Matthew J. Liberatore

John F. Connelly Chair in Management

Professor, Decision and Information Technologies

LINEAR PROGRAMMING

LP deals with the problem of allocating limited resources among competing activities.

For example, consider a company that makes tables and chairs (competing activities) using a limited amount of large and small Legos (limited resources).

LINEAR PROGRAMMING

The objective of LP is to select the best or optimal solution from the set of feasible solutions (those that satisfy all of the restrictions on the resources).

Suppose profit for each table is \$20 while profit for each chair is \$16.

We may choose to identify the number of tables and chairs to produce to maximize profit while not using more Legos than are available.

COMPONENTS OF AN LP

Decision Variables: factors which are controlled by the decision maker.

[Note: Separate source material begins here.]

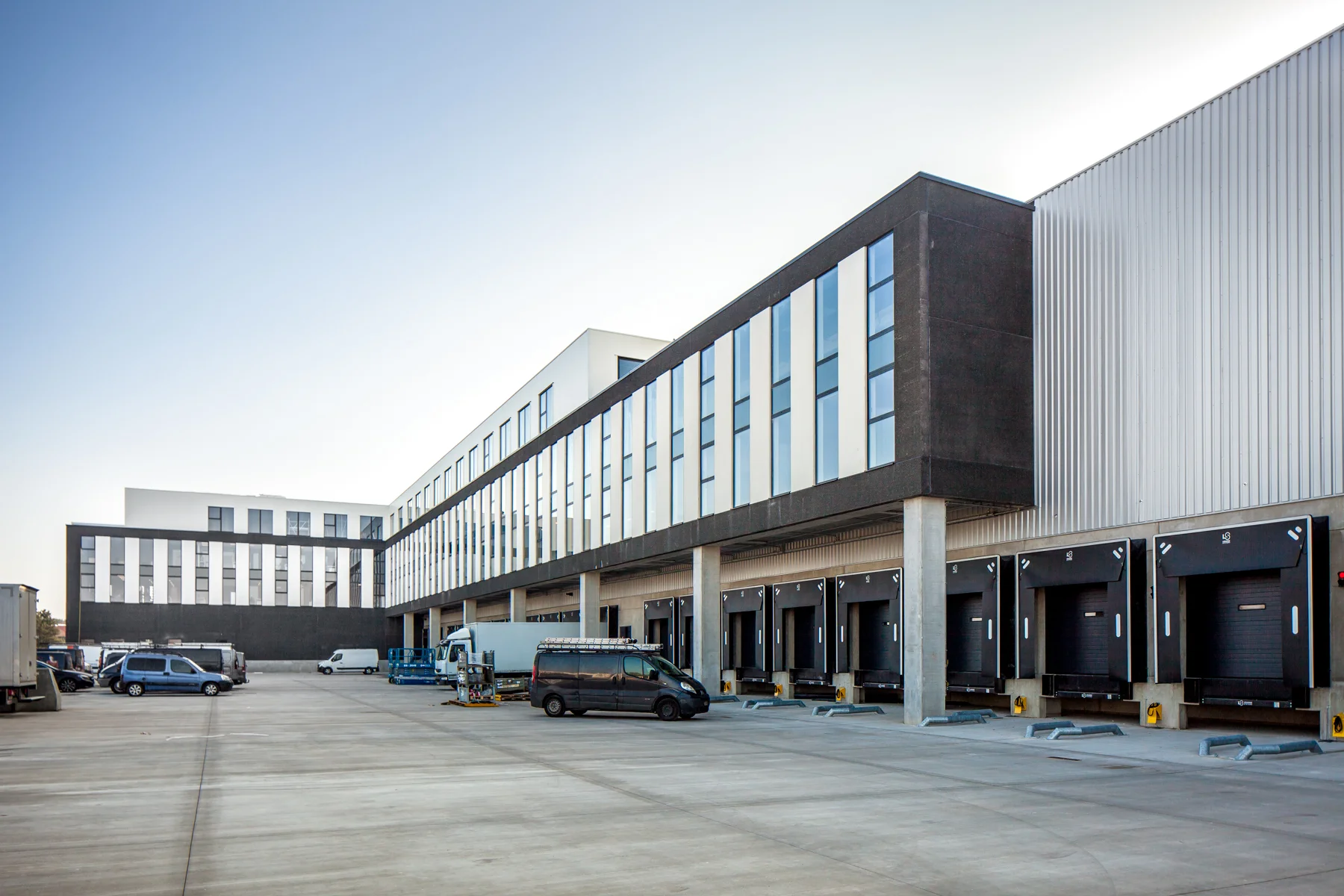 Domus Logistics - Olen-15.jpg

x1 = the number of tables produced per day

x2 = the number of chairs produced per day

Objective function: profit, cost, time, or service must be optimized.

The objective may be to optimize profit.

COMPONENTS OF AN LP

Constraints: restrictions which limit the availability and manner with which resources can be used to achieve the objective.

It takes 2 large and 2 small Legos to produce a table and 1 large and 2 smalls to produce a chair.

We may only have 6 large and 8 small Legos available each day.

ASSUMPTIONS

Linearity: Linear objective function and linear constraints.

For example, it takes 2 large Legos to produce 1 table and 4 to produce 2 tables.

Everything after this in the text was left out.